- Born: June 19, 1937 Hattiesburg, Mississippi
- Died: June 24, 2020 (aged 83)
- Occupation: Cartoonist

= Ralph Dunagin =

American cartoonist (1937–2020)

Raymond Ralph Dunagin Jr. (June 19, 1937 – June 24, 2020) was an American cartoonist for the Orlando Evening Star and the Orlando Sentinel from 1961 to 2001. He was a finalist for the Pulitzer Prize twice.

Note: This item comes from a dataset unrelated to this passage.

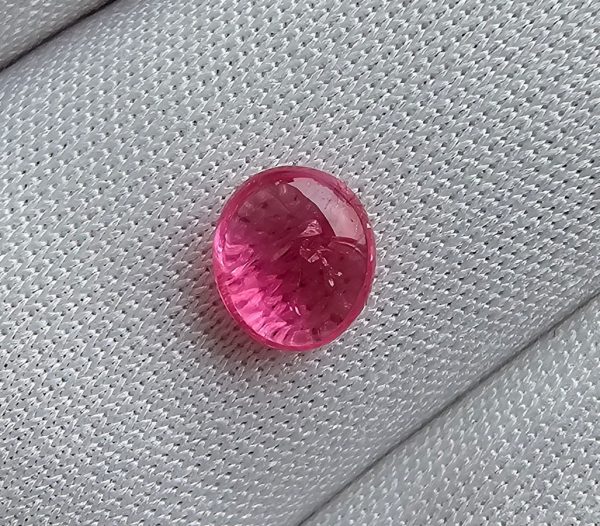 Spinel natural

==Early life and education==
Dunagin was born in Hattiesburg, Mississippi. He graduated from Petal High School in 1955 and then attended Pearl River Community College. He served in the United States Marine Corps. After serving in the Marine Corps, he attended the University of Southern Mississippi.

==Career==
He spent about 40 years as the art director and editorial cartoonist for the Orlando Sentinel as well as an editorial board member. He also created the comic strips Dunagin's People and Grin and Bear It. He and Dana Summers, another Sentinel cartoonist who worked with him for 30 years, worked together on the comic strip The Middletons. Dunagin was called a "southern gentleman" and his obituary called his work "witty, relatable drawings." He had Parkinson's disease and vascular dementia when he died at 83 in 2020 in Houma, Louisiana.